In [None]:
import numpy as np
import matplotlib.pyplot as plt

# Probabilistic models

We want to understand complex, real-world phenomena and to do so, we create models. 

Models are useful but they are approximations.

More generally we learn about nature from partial - and uncertain - observations. 

The __uncertainty in the data__ results in uncertainty in the knowledge we get about the phenomenon.

A major goal of __probabilistic models__ is to provide a framework to quantify this uncertainty.

---

#### Basic probability

Probability is about counting

* enumerate all the possibilities N

* count the ways an event occurs, call it n

* calculate probability = n/N  (_frequentist_ definition)

---

### Some Basic Facts About Probability 

Probabilities are always in the range $0$ to $1$. $0$ if impossible, and $1$ if guaranteed.

* probability is a fraction: numerator/denominator
    
* the denominator is all possible events or sample space. The numerator is the subset of that that's of interest or event.
    
* the sum of the probabilities of all events must equal $1$, i.e. $\sum_i p_i = 1 $
    



2) If the probability of an event occurring is $p$, the probability of it not occurring must be $1-p$



3) When events are **independent** of each other, the probability of all of the events occurring is equal to a product of the probabilities of each of the events occurring. 

So if events $A$ and $B$ are independent and if the probability of $A$ is, say, $0.5$ and the probability of $B$ is, say,  $0.3$, then the probability of $A$ *and* $B$ is $0.15$ (smaller than either of the other two) - **multiplicative law**.

## Probability Distributions

A **probability distribution** is a list of all of the possible outcomes of a **random variable** along with their corresponding **probability** values.

A **random variable** is a numerical description of the outcome of a statistical experiment. 

Probability distributions fall into two groups: **discrete** probability distributions and **continuous** probability distributions, depending upon whether they define the probability distribution for a discrete or a continuous random variable.

A discrete random variable can take on one of a finite set of values, e.g., the values associated with a roll of a die. 

A continuous random variable can take on any of the infinite real values between two real numbers, e.g., the speed of a car traveling between 0 miles per hour and the car’s maximum speed.

Discrete probability distributions are easier to describe. Since there are a finite number of values that the variable can take on, the distribution can be described by simply listing the probability of each value.

Continuous probability distributions are trickier. Since there are an infinite number of possible values, the probability that a continuous random variable will take on a specific value is usually 0. For example, the probability that a car is travelling at exactly 81.3457283 miles per hour is probably 0. 

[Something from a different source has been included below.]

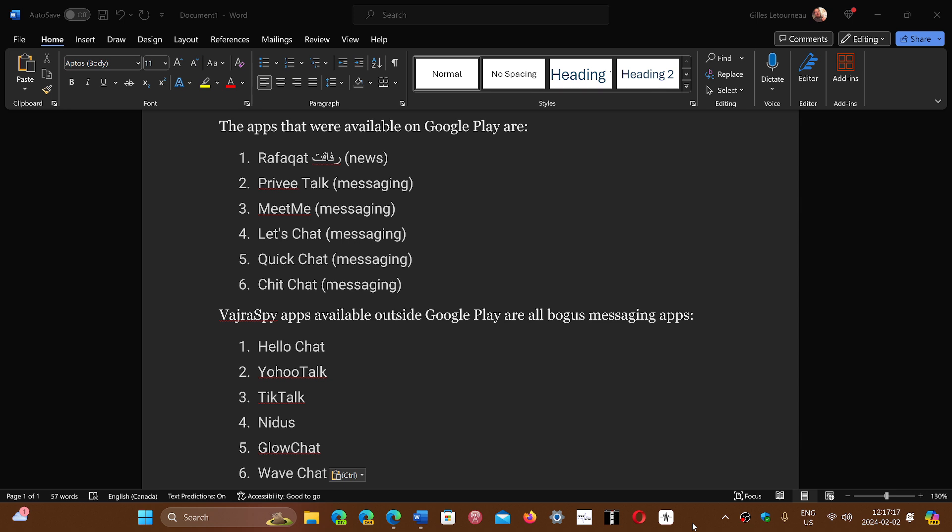Once again, make sure that when you go on the Google Play Store, if you get apps, get apps that seem to be more popular and legitimate. It's very difficult when Google Play itself has malware in apps. You tend to trust it, but you still got to be careful.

Mathematicians like to describe continuous probability distributions using a **probability density function**, often abbreviated as **PDF**. A PDF describes the probability of a random variable lying between two values. 

Think of the PDF as defining a curve where the values on the x-axis lie between the minimum and maximum value of the random variable. (In some cases the x-axis is infinitely long.) Under the assumption that x1 and x2 lie in the domain of the random variable, the probability of the variable having a value between x1 and x2 is the area under the curve between x1 and x2. 

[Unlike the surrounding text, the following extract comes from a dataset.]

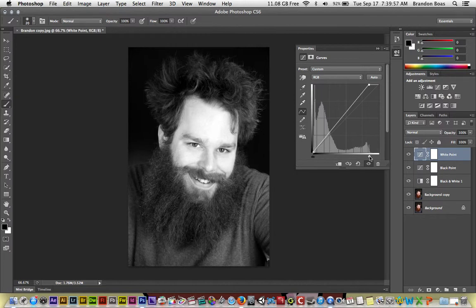And then after that, you have successfully set the black and white points. Thank you for watching this tutorial.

For random.random() the area under the curve from 0 to 1 is 1. This makes sense because we know that the probability of random.random() returning a value between 0 and 1 is 1.

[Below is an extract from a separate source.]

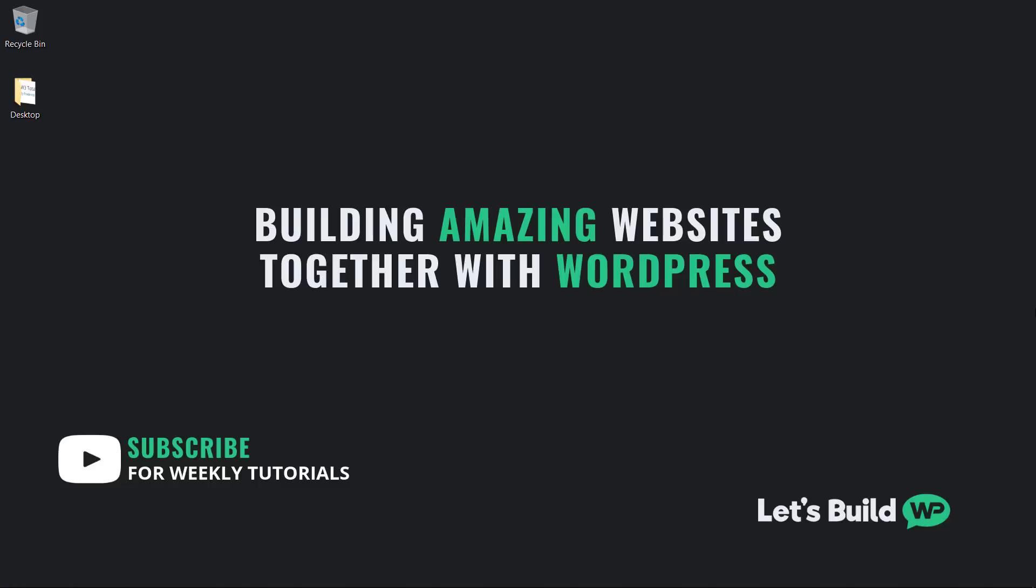Hi guys, it's Marty Dred here from letsbuildwp.com, and in this super quick tutorial, we're going to cover how to find a specific post ID on WordPress.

Similarly, the area under the curve for random.random() + random.random() from 0 to 2 is 1, and the area under the curve from 0 to 1 is 0.5.


---
### Discrete distributions

#### Bernoulli

The Bernoulli distribution is used to describe situations in which the random variable can take only two possible values (corresponding to a response of Yes or No in an opinion poll, success or failure in an examination, and so on). It is a matter of chance which of the two outcomes is observed. 

#### Example: a coin flip experiment.

We can directly simulate with scipy.

In [None]:
from scipy.stats import randint

n_flips = 10 # Number of coin flips
data = randint.rvs(0, 2, size=n_flips)  # stats module randint has function rvs()
print(data)

In [None]:
from scipy.stats import bernoulli

data_bern = bernoulli.rvs(size=10, p=0.5)

_ = plt.hist(data_bern)  # histogram

* Notes
    * small samples. e.g. 10 flips, are not very accurate. That is why we need to be skeptical of the observations that we get from sample populations, especially ones with low numbers.

    * The __law of large numbers__ points out that as the number of trials or observations increases, the observed or the actual probability approaches the expected mean or the theoretical value. This means that as the sample size grows, the mean of the sample gets closer to the average of the total population.
    * A histogram is a depiction of a **frequency distribution**. It tells us how often a random variable has taken on a value in some range, e.g., how often the fraction of times a coin came up heads. A histogram also provides information about the relative frequency of various ranges. 

#### Simulating 200 trials of 100 coin flip experiments

Store the number of heads in each trial in the array results.

In [None]:
n_expts = 100                    # number of experiments to simulate
results = np.zeros(n_expts)      # create array for results of "experiments"

for i in range(n_expts):
    results[i] = np.sum(randint.rvs(0, 2, size=n_flips)) #Note that each experiment consists of 100 coin flips
    
plt.hist(results)
plt.xlabel("# of heads");

#### Central limit theorem

if we add up a large number of values from almost any distribution, the distribution of the sum converges to normal.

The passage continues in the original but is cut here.